The fact that NK cell defects observed in MDS can be partly due to the oncogenic mutations at the origin of the disease could suggest that both events (i.e. mutations in MDS cells and NK cells) may synergize to sustain the emergence of myeloid malignancies. Abnormalities in NK cell phenotype and function could reduce the antitumor immuno-surveillance efficacy and allow the survival of potential pre-leukemic progenitors. Notably, NK-cell perturbations in MDS patients including reduction of activating NK receptors, such as NKp30, DNAM-1, and NKG2D, and impaired cytotoxicity, have already been reported12,15,30. KIR genotype has also been associated with clinical outcomes31. Our data suggest that these observations should be reinterpreted based on patient mutation profiles, especially for mutations associated with TET2 or IDH1/2 genes. In line with this comment, dissecting the specific role of TET2 in NK cells by contrast to other mutated genes commonly found in MDS or clonal hematopoiesis will require further investigations, which could be decisive in our comprehension of the disease and its treatments. Whether NK-cell function could be associated with a particular mutation landscape may have important consequences in developing NK-cell-based immunotherapeutic intervention. In that context, using autologous NK cells or attempting to rescue NK cell function in MDS patients may be impeded. Combining such therapeutic strategies with the use of HMA could provide a relevant option.

Loss-of-function somatic mutations in TET2 are strongly associated with hematological malignancies, including myeloid, T- and B-cell malignancies and chronic lymphoproliferative disorders of NK cells (CLPD-NK)3234. Germline mutations in TET2 have been also associated with lymphoma35,36. Here, we found that TET2 mutation in NK cells from MDS patients, with or without additional mutated genes, does not seem to affect NK cells from the oncogenic point of view (i.e. NK cells were not leukemic) but alters their phenotype and function. This raises the question of the requirement of other mutated genes, in addition to TET2, in order to induce malignant hemopathies and how these mutation profiles can be specific to lymphoid or myeloid malignancies.

Intriguingly, we noticed that TET2 mutations in NK cells trended to increase methylation together on the gene body and its flanking regions, at least for genes involved in NK cell function. TET2 has been reported as preferentially targeting regulatory enhancers in hematopoietic and myeloid cells, notably to facilitate the recruitment of transcription factors24,27. However, gene bodies and other genomic regions can be also, although in a less efficient manner, targeted by TET224. In addition, our results could suggest that key genes for NK cell function, including KIR and PRF1, are regulated in a coordinated manner by TET2 and more generally DNA methylation. If it is confirmed, this hypothesis would point out TET2 as a master regulator in NK cell development and education. It remains to be investigated whether and how genomic DNA methylation by TET2 is differentially regulated in NK cells, compared to myeloid subsets, due to differences in chromatin modification and accessibility or in the timing of TET2 expression during NK-cell lymphopoiesis.
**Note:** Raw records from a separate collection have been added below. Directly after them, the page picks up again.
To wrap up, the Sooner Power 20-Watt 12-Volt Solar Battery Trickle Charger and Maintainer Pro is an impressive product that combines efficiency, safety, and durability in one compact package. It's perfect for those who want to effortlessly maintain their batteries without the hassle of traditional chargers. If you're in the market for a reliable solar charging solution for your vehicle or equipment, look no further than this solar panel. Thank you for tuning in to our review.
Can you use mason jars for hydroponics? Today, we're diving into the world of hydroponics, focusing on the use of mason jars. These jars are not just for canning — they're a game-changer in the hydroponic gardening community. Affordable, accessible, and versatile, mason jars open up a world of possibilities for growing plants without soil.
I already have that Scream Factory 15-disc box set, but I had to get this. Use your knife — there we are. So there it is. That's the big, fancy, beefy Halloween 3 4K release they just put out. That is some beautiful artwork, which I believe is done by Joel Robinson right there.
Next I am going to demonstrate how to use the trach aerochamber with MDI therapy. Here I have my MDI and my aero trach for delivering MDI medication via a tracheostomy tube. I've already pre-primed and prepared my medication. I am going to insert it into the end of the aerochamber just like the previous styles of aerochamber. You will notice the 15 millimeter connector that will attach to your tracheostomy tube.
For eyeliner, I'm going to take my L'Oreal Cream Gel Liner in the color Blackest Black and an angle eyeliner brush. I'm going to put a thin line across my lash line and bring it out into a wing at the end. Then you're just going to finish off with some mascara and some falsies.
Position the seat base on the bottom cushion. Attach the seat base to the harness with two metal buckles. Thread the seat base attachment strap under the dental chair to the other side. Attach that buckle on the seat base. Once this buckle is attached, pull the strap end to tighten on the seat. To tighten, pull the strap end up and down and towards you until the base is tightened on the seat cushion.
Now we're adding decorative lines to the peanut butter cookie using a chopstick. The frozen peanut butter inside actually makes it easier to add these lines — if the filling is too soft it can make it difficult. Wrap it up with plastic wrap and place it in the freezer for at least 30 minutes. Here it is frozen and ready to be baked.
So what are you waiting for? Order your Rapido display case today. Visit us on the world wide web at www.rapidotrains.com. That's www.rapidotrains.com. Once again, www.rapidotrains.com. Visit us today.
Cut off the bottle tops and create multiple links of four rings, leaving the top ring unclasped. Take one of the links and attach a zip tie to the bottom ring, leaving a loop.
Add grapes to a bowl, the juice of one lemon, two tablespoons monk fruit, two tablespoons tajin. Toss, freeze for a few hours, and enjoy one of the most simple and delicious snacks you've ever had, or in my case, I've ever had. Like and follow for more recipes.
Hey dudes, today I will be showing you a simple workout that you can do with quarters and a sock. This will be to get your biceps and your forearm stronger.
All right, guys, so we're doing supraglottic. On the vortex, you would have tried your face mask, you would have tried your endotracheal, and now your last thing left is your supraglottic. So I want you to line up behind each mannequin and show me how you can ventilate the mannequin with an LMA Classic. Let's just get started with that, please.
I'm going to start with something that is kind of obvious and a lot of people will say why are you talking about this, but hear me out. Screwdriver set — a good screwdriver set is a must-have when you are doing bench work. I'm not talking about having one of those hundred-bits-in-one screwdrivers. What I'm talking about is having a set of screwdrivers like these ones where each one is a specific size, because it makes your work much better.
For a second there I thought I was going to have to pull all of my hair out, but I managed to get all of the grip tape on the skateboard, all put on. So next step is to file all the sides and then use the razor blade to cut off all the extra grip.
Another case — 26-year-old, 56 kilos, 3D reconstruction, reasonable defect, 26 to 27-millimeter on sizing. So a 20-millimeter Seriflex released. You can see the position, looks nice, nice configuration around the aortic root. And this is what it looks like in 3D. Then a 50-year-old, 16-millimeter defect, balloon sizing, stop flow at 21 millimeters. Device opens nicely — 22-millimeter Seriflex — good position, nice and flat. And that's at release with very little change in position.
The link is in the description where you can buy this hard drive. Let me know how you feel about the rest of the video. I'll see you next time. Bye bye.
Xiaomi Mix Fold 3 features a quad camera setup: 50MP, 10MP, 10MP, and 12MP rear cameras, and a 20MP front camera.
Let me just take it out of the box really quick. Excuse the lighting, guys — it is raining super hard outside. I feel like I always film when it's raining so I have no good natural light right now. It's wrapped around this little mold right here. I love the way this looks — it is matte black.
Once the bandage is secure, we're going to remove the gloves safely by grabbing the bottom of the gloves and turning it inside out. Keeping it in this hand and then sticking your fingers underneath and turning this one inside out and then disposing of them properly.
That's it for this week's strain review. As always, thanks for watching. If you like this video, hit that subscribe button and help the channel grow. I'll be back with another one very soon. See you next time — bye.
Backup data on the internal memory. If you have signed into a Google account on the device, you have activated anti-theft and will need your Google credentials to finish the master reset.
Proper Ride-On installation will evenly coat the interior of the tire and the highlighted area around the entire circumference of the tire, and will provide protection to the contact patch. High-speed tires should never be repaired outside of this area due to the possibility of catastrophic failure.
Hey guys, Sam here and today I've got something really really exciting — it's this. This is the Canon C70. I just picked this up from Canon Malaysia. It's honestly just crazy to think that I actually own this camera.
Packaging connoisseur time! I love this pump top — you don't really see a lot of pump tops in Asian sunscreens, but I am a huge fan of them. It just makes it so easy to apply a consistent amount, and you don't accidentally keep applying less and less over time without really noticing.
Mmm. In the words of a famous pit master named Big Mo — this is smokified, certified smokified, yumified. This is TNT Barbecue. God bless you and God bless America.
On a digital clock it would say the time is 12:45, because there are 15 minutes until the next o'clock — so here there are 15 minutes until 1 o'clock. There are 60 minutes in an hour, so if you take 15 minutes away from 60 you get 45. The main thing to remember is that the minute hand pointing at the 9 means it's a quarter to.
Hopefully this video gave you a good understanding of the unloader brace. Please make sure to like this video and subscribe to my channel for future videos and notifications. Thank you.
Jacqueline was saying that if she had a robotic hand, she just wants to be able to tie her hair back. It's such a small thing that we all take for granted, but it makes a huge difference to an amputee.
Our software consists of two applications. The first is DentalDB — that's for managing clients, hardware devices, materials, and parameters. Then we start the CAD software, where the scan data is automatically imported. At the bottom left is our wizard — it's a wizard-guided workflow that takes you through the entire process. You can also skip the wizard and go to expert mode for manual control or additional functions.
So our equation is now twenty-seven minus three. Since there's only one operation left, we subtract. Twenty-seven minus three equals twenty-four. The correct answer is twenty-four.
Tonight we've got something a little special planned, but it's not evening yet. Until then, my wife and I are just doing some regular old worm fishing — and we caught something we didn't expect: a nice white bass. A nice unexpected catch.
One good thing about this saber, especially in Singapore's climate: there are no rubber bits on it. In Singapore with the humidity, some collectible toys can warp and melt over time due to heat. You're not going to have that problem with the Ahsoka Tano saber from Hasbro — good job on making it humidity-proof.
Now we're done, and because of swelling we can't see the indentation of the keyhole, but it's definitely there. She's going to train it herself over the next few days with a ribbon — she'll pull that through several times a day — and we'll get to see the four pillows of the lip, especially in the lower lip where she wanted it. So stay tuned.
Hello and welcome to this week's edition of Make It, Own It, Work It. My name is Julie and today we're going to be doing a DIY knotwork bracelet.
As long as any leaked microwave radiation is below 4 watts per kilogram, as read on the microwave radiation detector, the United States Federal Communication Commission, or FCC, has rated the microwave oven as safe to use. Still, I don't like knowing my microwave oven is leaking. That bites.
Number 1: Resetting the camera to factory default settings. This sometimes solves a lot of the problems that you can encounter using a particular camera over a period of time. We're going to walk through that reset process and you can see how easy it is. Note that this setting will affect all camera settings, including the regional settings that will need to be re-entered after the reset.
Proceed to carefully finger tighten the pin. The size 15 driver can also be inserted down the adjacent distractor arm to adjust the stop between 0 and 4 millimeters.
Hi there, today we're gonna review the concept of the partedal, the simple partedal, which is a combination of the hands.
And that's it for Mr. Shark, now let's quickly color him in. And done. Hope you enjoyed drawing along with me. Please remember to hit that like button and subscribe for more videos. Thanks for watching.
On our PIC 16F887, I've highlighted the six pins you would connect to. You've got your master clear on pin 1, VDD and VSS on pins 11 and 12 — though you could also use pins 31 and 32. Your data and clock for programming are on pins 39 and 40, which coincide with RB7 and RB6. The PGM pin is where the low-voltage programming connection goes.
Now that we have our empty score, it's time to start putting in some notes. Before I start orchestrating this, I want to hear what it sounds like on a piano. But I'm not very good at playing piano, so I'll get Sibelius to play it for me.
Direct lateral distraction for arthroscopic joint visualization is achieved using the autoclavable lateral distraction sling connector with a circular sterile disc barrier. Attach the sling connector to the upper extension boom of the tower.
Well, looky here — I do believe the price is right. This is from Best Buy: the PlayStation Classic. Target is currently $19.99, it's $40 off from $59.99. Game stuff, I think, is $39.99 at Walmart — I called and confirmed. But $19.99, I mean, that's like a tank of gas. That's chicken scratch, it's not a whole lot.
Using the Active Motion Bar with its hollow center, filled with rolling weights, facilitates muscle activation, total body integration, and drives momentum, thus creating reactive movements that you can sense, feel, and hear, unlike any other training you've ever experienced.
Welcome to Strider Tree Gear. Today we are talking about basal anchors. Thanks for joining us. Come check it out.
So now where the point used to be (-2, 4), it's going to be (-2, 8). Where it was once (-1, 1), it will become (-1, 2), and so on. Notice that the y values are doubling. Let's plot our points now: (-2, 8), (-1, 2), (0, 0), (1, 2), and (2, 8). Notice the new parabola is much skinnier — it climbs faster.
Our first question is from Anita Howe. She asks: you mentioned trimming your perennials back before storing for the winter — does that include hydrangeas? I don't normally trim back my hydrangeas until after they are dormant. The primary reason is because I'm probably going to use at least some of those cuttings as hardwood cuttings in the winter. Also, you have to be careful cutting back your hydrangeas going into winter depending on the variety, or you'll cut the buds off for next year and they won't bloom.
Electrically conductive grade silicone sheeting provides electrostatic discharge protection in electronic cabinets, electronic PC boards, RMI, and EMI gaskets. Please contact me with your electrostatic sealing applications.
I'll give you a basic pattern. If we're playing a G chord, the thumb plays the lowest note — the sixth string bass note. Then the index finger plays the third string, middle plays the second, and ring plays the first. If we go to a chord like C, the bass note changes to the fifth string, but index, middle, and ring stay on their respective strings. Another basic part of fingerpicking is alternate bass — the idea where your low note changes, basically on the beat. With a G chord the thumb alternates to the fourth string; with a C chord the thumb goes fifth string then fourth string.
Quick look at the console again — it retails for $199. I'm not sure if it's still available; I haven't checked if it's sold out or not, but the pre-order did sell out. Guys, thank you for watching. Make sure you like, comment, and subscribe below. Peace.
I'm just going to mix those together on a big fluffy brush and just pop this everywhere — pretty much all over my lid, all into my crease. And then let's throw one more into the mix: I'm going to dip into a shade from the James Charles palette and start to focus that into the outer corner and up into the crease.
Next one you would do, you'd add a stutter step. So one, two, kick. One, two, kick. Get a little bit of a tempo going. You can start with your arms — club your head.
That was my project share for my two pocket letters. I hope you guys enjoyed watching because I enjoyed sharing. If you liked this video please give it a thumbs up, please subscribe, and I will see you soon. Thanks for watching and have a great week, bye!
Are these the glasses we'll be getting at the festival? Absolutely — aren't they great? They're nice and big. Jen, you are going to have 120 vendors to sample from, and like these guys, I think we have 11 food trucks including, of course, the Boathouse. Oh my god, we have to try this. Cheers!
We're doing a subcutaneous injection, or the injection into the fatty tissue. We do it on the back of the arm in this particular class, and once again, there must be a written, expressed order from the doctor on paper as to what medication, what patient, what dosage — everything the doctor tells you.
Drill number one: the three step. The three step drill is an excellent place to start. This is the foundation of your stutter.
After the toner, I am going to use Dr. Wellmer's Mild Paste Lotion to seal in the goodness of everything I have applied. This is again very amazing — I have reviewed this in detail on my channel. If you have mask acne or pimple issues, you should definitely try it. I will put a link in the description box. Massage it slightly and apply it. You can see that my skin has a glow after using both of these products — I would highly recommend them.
From the mechanistic point of view, our results are reminiscent of the work by Wu et al. describing the role of the ascorbic acid in promoting KIR locus demethylation through the mobilization of Runx3, TET2, and TET322. Interestingly, it has been recently shown that TET2KO HSC treated with ascorbic acid could increase the 5hmC levels suggesting a role for TET proteins other than TET2 in this rescuing26. Herein, we showed that the addition of ascorbic acid to NK cells allows the restoration of KIR expression. Altogether, these data support the hypothesis that TET3 could compensate for TET2 mutations in NK cells after treatment with ascorbic acid.

Clonal hematopoiesis (CH) is frequently presented as a precursor state for hematological malignancies, upstream of a continuum including MDS and then AML37. Arends et al. recently demonstrated that TET2 mutations observed in individuals with CH could be found not only in myeloid lineage but also in B- and NK-cell38. Our results support the finding that CH infuses into the complete tree of hematopoiesis, including lymphopoiesis, and could also participate in reduced NK cell immunity in the elderly. It remains to discover the mechanisms by which TET2 mutations alter the production of new lymphocytes in the elderly without significantly reducing the lymphocyte number, and with which consequences for the immune response. High-throughput experimental strategies, including multi-omics approaches combining RNAseq and ATACseq at the single cell level, applied not only to patients’ samples but also to TET2-edited HSC26 or iPSCs36, may help to solve this question.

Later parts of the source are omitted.